### [Directions for this task]
Print the data below exactly as it stands, and keep the pictures out.

### [Data]
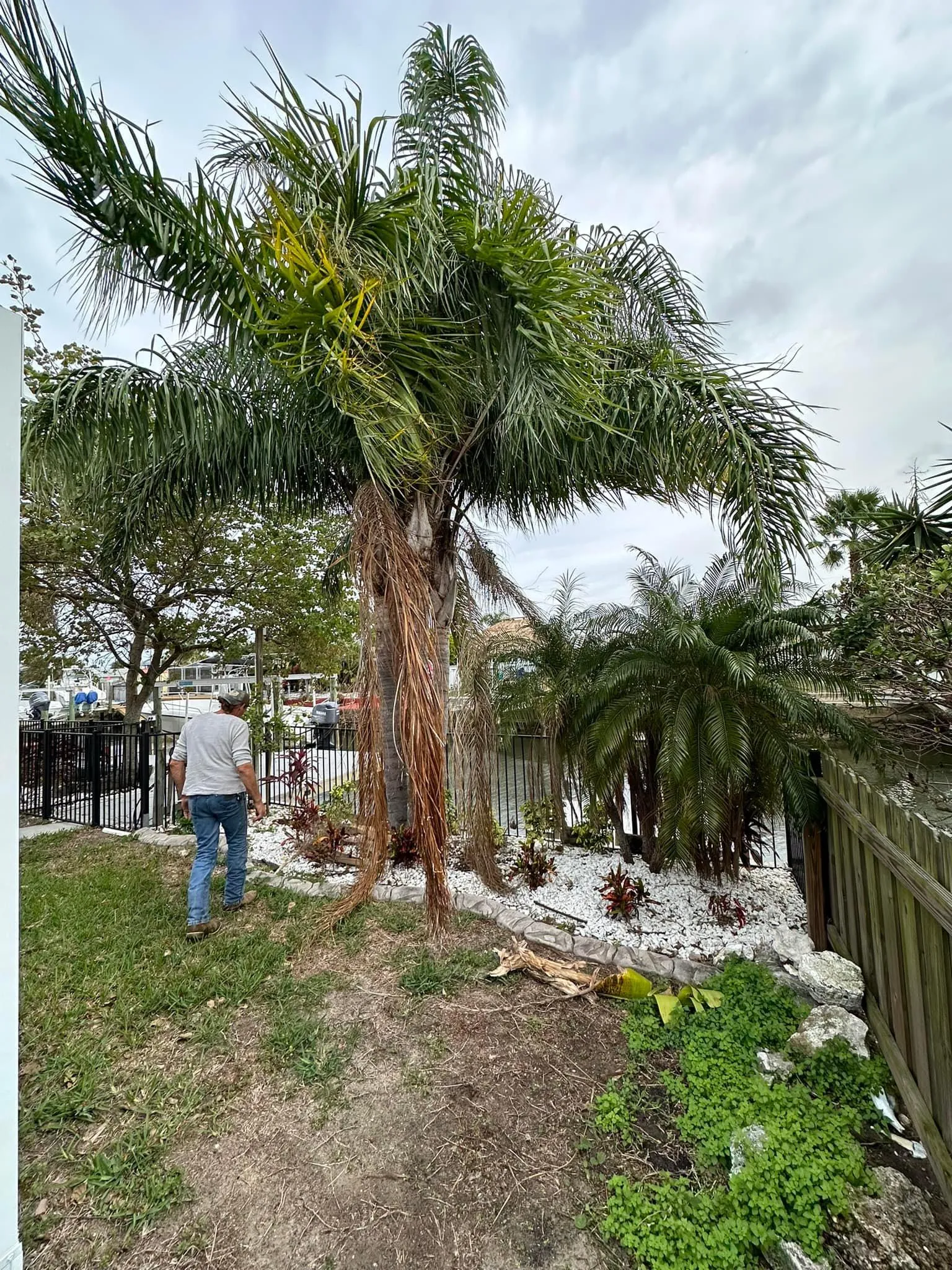 Fall and Spring Clean Up for Kramer & Son’s Property Maintenance in Hudson, FL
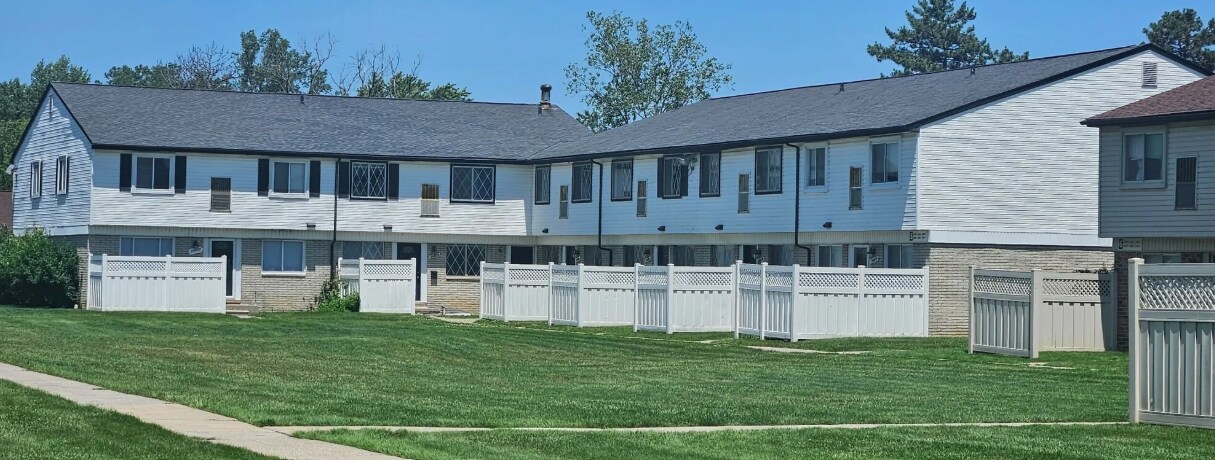 24801 Mayfair St, Flat Rock, MI à vendre Photo principale- Image 1 de 1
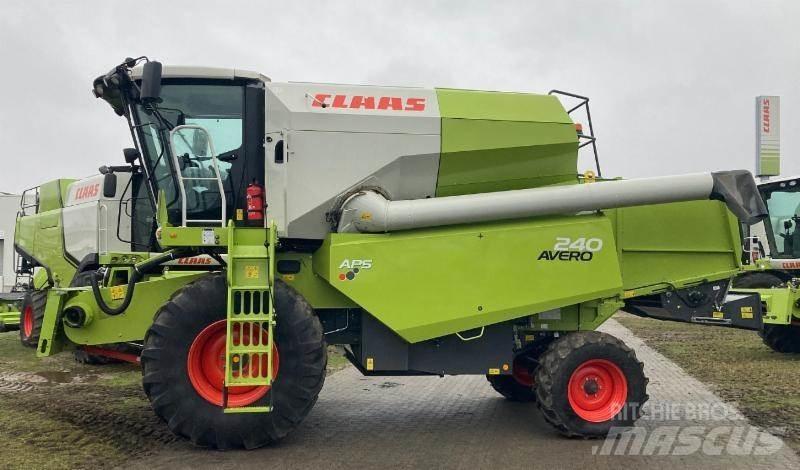 CLAAS AVERO 240 Leikkuupuimurit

### [Exercise output]
 Fall and Spring Clean Up for Kramer & Son’s Property Maintenance in Hudson, FL
 24801 Mayfair St, Flat Rock, MI à vendre Photo principale- Image 1 de 1
 CLAAS AVERO 240 Leikkuupuimurit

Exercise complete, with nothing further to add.